News in Brief
A SEWP explainer, an IG appeal and transportation info sharing
NASA plans SEWP V explainer
NASA's SEWP program office will host a "WebEx Wednesday" webinar next week to explain the ins and outs of its new SEWP V government-wide acquisition contract that takes effect two days later.
The 45-minute session will go over the series of enhancements that are to be implemented as SEWP V launches on May 1. The improvements include added features to the website and online tools, as well as updates to improve processes and program features, according to SEWP.
The webinar, set for 1 p.m. on April 29, will include a question and answer session. SEWP also said it will conduct similar monthly "WebEx Wednesday" sessions to discuss SEWP tools, enhancements and new developments with its customers.
State Department IG wants separate computer network
The State Department's inspector general told a Senate panel that his organization's independence was potentially compromised by being on the main State Department network.
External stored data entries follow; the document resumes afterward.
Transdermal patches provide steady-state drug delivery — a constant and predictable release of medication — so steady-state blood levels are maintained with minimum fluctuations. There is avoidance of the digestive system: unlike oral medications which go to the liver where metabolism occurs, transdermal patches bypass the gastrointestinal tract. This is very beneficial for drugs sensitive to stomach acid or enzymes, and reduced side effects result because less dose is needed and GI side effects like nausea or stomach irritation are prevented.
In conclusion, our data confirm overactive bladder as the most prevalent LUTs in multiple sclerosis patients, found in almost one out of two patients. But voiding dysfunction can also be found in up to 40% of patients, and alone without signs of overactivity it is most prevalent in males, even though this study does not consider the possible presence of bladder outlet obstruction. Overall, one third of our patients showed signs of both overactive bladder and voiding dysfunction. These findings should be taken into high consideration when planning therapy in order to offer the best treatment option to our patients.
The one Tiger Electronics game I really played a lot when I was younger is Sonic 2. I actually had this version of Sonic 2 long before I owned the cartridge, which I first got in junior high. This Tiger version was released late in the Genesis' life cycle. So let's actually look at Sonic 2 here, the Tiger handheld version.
While it would cost money, require congressional approval and the backing of the department, IG Steve A. Linick wants a separate IT network and email system for the IG office.
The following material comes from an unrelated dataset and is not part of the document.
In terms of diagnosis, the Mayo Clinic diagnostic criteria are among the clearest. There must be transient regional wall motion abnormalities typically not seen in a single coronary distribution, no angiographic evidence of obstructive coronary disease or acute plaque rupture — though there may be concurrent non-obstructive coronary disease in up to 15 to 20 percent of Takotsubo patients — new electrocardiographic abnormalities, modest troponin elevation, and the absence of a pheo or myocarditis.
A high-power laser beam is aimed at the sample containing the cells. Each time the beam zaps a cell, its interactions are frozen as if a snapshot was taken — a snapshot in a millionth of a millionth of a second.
"My infrastructure lacks independence, because it is largely controlled by the department," Linick said in an April 21 hearing of the Senate Foreign Relations State Department and USAID Management, International Operations and Bilateral International Development Subcommittee.
In his written testimony, Linick said that "thousands of administrators" have the ability to access emails and documents, including investigative information and personally identifiable information on whistleblowers and witnesses. Linick said he didn't have particular suspicions that this kind of access was taking place, but the very fact that such access was possible created "unnecessary risk [and] doesn't reflect best practices within the IG community."
Under questioning from Chairman David Perdue (R-Ga.), Linick said he had received assurances from top State Department officials that administrators would not take advantage of their access to the IG's nodes on the network to access materials. But for Linick, a handshake agreement isn't enough. "We rent our IT system and the IT folks at the department have the key," he said.
Rail safety program sparks information sharing plan
An initiative to help mitigate damage from and prevent accidents involving trains carrying crude oil and ethanol includes an effort to increase information sharing across the Department of Transportation, the Federal Railroad Administration and the Pipeline and Hazardous Materials Safety Administration.
The three agencies have announced a series of "targeted actions" aimed at addressing issues identified in recent train accidents involving crude oil and ethanol shipped by rail, as the volume of rail-transported fuel has increased exponentially in recent years.
One of the actions the groups will pursue in light of 23 accidents in the last two-and-a-half years is to increase the availability of cargo information to emergency responders and federal investigators on scene immediately after an incident.
The Federal Railroad Administration is sending a request to the Association of American Railroads asking the industry to develop a formal process to provide specific information such as basic descriptions and technical names of the hazardous materials, the immediate hazards to health, immediate precautions to be taken, fire suppression methods and other details.